[Web page caption snippets]
++++++

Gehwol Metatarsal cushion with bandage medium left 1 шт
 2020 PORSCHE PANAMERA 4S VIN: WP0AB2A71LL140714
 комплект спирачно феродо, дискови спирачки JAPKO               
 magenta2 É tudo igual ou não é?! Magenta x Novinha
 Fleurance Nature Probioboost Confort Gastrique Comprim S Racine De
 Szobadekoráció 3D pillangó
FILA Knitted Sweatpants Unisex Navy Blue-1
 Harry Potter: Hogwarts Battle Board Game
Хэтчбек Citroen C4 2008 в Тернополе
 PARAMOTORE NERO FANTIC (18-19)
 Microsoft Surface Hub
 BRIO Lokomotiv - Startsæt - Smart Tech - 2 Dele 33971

++++++

■ Requirement ■
Copy out the records above exactly.

■ Response to the task ■
Gehwol Metatarsal cushion with bandage medium left 1 шт
 2020 PORSCHE PANAMERA 4S VIN: WP0AB2A71LL140714
 комплект спирачно феродо, дискови спирачки JAPKO               
 magenta2 É tudo igual ou não é?! Magenta x Novinha
 Fleurance Nature Probioboost Confort Gastrique Comprim S Racine De
 Szobadekoráció 3D pillangó
FILA Knitted Sweatpants Unisex Navy Blue-1
 Harry Potter: Hogwarts Battle Board Game
Хэтчбек Citroen C4 2008 в Тернополе
 PARAMOTORE NERO FANTIC (18-19)
 Microsoft Surface Hub
 BRIO Lokomotiv - Startsæt - Smart Tech - 2 Dele 33971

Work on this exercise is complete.